Content starts

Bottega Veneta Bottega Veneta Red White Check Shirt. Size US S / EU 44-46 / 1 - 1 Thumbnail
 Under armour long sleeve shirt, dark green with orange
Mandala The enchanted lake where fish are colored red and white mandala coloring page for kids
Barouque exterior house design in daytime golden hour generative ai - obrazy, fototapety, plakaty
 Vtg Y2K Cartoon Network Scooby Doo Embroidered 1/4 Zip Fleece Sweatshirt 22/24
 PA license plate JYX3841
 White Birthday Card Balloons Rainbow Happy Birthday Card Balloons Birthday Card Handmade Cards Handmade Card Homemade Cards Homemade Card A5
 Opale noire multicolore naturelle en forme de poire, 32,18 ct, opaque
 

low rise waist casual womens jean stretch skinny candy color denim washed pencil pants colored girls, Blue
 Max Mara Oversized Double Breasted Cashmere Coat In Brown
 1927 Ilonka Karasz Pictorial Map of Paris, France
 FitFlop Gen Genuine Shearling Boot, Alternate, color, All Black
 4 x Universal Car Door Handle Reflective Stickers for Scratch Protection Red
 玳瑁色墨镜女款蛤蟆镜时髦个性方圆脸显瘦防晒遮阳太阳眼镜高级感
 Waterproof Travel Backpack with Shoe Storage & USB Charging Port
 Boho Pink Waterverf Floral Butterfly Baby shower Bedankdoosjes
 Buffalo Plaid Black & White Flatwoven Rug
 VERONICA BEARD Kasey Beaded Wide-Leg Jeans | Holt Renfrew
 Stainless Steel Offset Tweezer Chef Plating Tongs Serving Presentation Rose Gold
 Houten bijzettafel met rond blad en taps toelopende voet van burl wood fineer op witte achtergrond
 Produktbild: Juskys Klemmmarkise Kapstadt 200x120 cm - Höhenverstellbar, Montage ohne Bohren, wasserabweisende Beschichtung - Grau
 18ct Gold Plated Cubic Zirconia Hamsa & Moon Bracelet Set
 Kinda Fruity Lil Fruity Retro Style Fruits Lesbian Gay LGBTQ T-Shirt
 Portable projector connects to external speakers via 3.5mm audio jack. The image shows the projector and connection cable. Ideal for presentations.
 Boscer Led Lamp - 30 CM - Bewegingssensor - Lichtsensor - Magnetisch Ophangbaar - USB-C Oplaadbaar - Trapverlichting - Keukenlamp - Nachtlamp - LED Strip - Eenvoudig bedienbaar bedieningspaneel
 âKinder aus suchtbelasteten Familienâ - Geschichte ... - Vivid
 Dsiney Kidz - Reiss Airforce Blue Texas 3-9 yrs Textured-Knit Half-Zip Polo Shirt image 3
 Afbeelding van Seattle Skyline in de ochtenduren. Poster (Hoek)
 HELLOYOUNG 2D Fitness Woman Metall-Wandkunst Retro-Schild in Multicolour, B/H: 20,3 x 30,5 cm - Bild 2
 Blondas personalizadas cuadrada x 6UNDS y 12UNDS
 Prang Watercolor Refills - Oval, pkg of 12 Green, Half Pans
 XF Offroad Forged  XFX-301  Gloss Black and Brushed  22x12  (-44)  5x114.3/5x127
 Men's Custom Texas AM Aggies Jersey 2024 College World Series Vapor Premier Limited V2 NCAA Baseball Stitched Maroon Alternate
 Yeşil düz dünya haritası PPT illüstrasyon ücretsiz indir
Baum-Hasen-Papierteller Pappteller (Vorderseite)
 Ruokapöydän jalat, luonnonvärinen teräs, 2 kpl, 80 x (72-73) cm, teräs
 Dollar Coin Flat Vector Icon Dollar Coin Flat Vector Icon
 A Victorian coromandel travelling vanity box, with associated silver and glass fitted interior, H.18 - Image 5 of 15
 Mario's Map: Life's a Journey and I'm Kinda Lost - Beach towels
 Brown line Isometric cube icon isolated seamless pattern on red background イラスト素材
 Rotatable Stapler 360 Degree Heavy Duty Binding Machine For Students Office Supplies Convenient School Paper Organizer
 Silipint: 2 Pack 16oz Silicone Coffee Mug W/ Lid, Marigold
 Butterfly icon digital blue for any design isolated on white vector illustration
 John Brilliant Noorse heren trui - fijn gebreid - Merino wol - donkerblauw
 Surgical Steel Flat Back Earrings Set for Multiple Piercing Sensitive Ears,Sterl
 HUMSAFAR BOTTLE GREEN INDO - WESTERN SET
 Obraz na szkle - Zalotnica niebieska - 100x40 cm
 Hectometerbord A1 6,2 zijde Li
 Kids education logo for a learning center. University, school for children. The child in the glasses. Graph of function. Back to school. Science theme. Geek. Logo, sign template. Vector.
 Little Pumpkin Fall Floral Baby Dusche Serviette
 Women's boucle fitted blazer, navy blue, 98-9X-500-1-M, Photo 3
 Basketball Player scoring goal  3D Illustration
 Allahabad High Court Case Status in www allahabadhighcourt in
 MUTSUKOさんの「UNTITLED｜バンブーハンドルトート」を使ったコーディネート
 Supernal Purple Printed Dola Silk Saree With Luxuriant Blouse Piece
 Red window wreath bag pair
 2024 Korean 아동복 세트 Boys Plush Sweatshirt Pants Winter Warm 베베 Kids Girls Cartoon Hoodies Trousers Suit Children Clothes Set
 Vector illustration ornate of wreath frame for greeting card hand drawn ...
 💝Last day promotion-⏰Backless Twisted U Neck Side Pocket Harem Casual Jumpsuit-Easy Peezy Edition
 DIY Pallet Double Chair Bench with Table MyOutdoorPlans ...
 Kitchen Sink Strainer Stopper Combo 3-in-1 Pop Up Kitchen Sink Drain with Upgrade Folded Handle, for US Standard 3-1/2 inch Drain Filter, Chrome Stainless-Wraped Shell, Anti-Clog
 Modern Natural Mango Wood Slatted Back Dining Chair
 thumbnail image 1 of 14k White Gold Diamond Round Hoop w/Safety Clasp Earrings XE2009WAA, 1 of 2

Content ends

What is needed>
Stopping at the line containing "Vtg Y2K Cartoon", please repeat exactly every line from the very start of the entries, that line included, and nothing more.

Written solution>
Bottega Veneta Bottega Veneta Red White Check Shirt. Size US S / EU 44-46 / 1 - 1 Thumbnail
 Under armour long sleeve shirt, dark green with orange
Mandala The enchanted lake where fish are colored red and white mandala coloring page for kids
Barouque exterior house design in daytime golden hour generative ai - obrazy, fototapety, plakaty
 Vtg Y2K Cartoon Network Scooby Doo Embroidered 1/4 Zip Fleece Sweatshirt 22/24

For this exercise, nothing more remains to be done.